:: TASK TO COMPLETE ::
Look through the records below for the line with "v28 Women's 1950s". Return that line and each one after it up to and including the line with "Gustavo Gmez, zagueiro", exactly.

:: EXTRACTED MATERIAL ::
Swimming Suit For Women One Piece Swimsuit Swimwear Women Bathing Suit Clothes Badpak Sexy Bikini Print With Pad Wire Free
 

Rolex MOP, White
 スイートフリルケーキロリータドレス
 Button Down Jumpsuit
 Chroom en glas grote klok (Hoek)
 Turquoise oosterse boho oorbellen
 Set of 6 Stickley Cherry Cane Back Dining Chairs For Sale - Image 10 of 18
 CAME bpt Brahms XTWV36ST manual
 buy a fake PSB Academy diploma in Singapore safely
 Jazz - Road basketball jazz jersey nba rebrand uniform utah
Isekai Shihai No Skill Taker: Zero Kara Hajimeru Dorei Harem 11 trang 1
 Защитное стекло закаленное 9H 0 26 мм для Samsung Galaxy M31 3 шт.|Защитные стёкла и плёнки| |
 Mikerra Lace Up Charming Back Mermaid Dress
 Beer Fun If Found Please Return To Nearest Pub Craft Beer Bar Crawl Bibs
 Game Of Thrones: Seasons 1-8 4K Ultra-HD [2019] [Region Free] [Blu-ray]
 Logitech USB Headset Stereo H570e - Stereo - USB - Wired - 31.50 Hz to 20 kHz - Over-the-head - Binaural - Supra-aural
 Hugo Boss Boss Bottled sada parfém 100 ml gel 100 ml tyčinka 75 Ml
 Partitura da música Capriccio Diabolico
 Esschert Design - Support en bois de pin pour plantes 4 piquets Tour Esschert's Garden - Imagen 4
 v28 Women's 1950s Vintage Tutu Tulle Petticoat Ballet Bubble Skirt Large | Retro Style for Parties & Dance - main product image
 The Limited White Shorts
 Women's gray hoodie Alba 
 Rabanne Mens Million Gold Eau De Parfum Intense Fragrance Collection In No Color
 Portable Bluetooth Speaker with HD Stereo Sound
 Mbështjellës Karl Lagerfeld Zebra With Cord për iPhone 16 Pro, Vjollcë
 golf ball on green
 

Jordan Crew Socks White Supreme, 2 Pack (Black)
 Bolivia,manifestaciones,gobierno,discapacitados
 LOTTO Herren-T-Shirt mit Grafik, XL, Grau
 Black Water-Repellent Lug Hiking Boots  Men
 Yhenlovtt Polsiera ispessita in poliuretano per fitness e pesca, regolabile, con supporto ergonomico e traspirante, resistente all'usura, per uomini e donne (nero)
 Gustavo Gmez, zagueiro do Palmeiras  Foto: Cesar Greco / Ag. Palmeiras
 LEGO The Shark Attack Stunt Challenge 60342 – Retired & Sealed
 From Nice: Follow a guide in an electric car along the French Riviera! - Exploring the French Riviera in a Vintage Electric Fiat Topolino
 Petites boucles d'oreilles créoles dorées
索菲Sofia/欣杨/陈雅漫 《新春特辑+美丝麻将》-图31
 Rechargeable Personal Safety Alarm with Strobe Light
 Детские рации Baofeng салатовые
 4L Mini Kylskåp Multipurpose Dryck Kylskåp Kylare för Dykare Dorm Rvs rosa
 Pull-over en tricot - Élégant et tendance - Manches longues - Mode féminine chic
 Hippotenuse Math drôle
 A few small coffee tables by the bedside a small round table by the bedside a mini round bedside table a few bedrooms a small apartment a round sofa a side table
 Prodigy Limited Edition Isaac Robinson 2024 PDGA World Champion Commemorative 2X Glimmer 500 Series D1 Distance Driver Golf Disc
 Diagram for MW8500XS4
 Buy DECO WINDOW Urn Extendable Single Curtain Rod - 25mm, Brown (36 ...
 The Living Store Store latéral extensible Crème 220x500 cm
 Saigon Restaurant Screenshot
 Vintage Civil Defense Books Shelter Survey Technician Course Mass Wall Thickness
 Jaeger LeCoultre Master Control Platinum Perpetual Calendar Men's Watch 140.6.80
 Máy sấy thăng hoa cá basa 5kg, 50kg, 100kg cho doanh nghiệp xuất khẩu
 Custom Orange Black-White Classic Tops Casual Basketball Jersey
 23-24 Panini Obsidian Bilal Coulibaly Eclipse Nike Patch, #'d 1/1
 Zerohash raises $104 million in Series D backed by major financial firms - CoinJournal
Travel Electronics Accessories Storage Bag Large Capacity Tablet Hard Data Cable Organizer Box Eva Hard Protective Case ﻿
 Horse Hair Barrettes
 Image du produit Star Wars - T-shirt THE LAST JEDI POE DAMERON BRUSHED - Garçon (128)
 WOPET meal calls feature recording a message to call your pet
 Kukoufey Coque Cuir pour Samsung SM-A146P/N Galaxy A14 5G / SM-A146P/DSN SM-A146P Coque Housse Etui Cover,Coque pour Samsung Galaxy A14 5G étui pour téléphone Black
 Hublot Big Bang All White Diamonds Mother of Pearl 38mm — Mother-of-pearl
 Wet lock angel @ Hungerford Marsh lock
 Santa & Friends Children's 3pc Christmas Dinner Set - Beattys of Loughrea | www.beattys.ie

:: SOLUTION TO THIS TASK ::
 v28 Women's 1950s Vintage Tutu Tulle Petticoat Ballet Bubble Skirt Large | Retro Style for Parties & Dance - main product image
 The Limited White Shorts
 Women's gray hoodie Alba 
 Rabanne Mens Million Gold Eau De Parfum Intense Fragrance Collection In No Color
 Portable Bluetooth Speaker with HD Stereo Sound
 Mbështjellës Karl Lagerfeld Zebra With Cord për iPhone 16 Pro, Vjollcë
 golf ball on green
 

Jordan Crew Socks White Supreme, 2 Pack (Black)
 Bolivia,manifestaciones,gobierno,discapacitados
 LOTTO Herren-T-Shirt mit Grafik, XL, Grau
 Black Water-Repellent Lug Hiking Boots  Men
 Yhenlovtt Polsiera ispessita in poliuretano per fitness e pesca, regolabile, con supporto ergonomico e traspirante, resistente all'usura, per uomini e donne (nero)
 Gustavo Gmez, zagueiro do Palmeiras  Foto: Cesar Greco / Ag. Palmeiras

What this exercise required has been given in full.